Adult and child combined overweight and obesity rates were high: 82% and 40%, respectively. Food insecurity was high (61%). Multiple lifestyle behaviors, including fruit and vegetable and sugar-sweetened beverage consumption, adult physical activity, and child screen time, did not meet national recommendations. Adult sleep was adequate but children had low overnight sleep duration of 10 h/d. Significant predictors of child obesity included more adults in the household (P = .003; β = 0.153), an adult AI caregiver (P = .02; β = 0.116), high adult BMI (P = .001; β = 0.176), gestational diabetes, high child birth weight (P < .001; β = 0.247), and the family activity and nutrition score (P = .04; β = 0.130).
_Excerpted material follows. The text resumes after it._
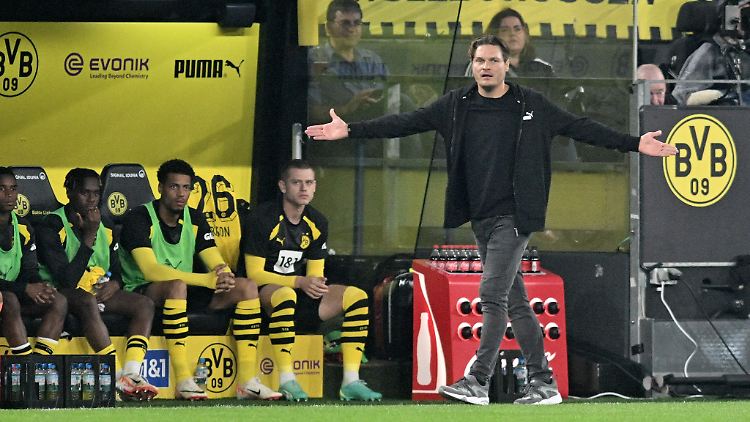 BVB-Coach Edin Terzic steht nach dem Fehlstart in die neue Saison unter Druck.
We found multiple child-, adult-, and household-level factors influence early childhood obesity in AI children, highlighting the need for interventions to mitigate the modifiable factors identified in this study, including early life influences, home environments, and health behaviors.
描述有年幼子女的美洲印第安(AI)家庭的社会人口统计学因素和健康行为,并确定这些因素中成年人和儿童体重状况的预测因素。
描述性、横断面基线数据。
全国一个城市和 4 个农村 AI 保留地。
共有 450 个有 2-5 岁儿童的 AI 家庭参加了健康儿童、强大家庭 2 干预。
健康生活方式干预的基线数据。
儿童体重指数(BMI)z 分数和成人 BMI,以及多个健康生活方式结果。
描述性统计和逐步回归。
成年人和儿童的超重和肥胖率都很高:分别为 82%和 40%。粮食不安全问题严重(61%)。包括水果和蔬菜以及含糖饮料摄入、成人身体活动和儿童屏幕时间在内的多种生活方式行为不符合国家建议。成年人的睡眠充足,但儿童的夜间睡眠时间仅为 10 小时/d。儿童肥胖的显著预测因素包括家庭中成年人数量较多(P =.003;β=0.153)、成年人是 AI 照顾者(P =.02;β=0.116)、成人 BMI 较高(P =.001;β=0.176)、妊娠糖尿病、高出生体重(P<.001;β=0.247)以及家庭活动和营养评分(P =.04;β=0.130)。
我们发现多个儿童、成人和家庭层面的因素影响 AI 儿童的幼儿肥胖,这突显了需要干预措施来减轻本研究中确定的可改变因素的必要性,包括早期生活影响、家庭环境和健康行为。